# Johnson's Beach tides?



## bwise (Apr 8, 2012)

Does anyone know where I can find out the tides for Johnson's Beach? I've been looking everywhere and can't fine any site that has it for there. The closest I find is Millview. Thanks


----------



## jim t (Sep 30, 2007)

It's going to be within minutes of Pensacola Pass:

http://tides.mobilegeographics.com/locations/4646.html

Jim


----------



## jim t (Sep 30, 2007)

A little more research shows that there's about a 45 minute to almost 2 hour difference between Alabama Point (earlier) and the Pensacola Pass Entrance (later).

Maybe because Alabama Point is a little south of Pensacola Pass (and the Pensacola Pass Entrance point is a little more inside the pass?).

So Johnson Beach should be a little closer Pensacola Pass time call it 15 minutes earlier?

http://www.tide-forecast.com/locations/Alabama-Point-Perdido-Pass-Alabama/tides/latest

http://www.tide-forecast.com/locations/Pensacola-Bay-Entrance-Pensacola-Bay-Florida/tides/latest

But somewhere between the 2 points closer to Pensacola Pass.

Jim

Jim


----------



## Bigkidneys (Jul 14, 2011)

If you have an iPhone check out the app tide graph. It has both perdido pass and Pensacola pass and is pretty much on point most of the time. It's all I ever use.


----------



## bwise (Apr 8, 2012)

Would that be the same for the gulf side and ICW side of Johnson's?


----------



## jim t (Sep 30, 2007)

No, the ICW tide will be LATER than the pass since a tide "floods" then "ebbs" Figure an hour or so

You can run your own meter for your favorite spot. Show up just at the high tide for the pass and put a stick in the water into the sand just in the water and keep an eye on it.
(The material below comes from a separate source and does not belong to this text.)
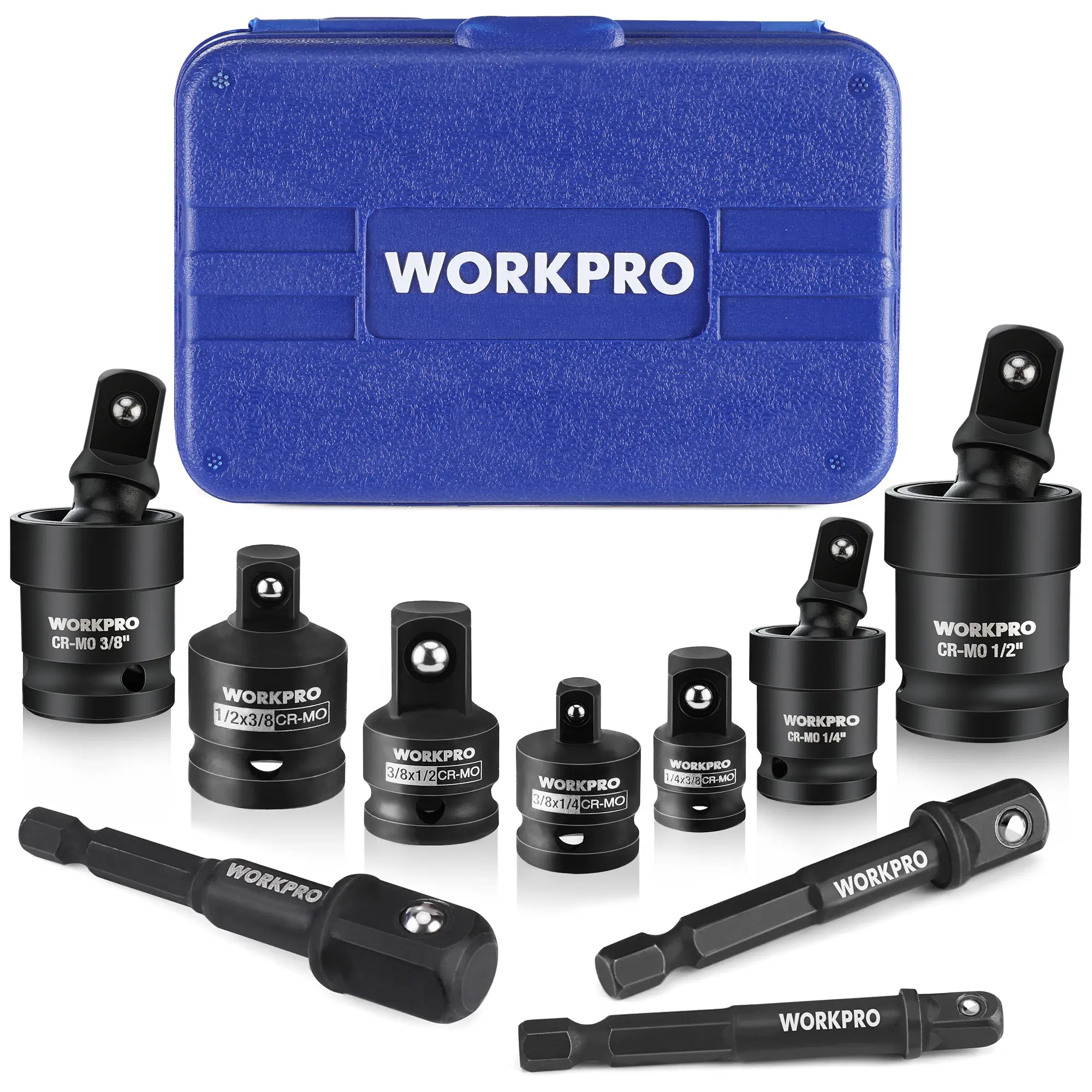 WORKPRO Impact Socket Adapter Set with Case, CR-MO Steel | Adapter/Reducer + Universal Joint Socket + 1/4" Hex Shank Extension, 1/4", 3/8", 1/2" Drive, Impact Grade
You can watch the tide come up then peak, then begin to recede. When it's on the ebb, (the stick shows an obvious wet line that no longer gets wet with small waves) note the time. Just use that for your correction. It'll be off a little depending on the strength of the tide.

Obviously a nice calm, no wind day would be best.

I believe your high tide will be LATER than the pass, your low tide will be BEFORE the pass.

Jim


----------



## bwise (Apr 8, 2012)

Ooo ha common sense eh , but thanks and the gulf side would be the opposite.


----------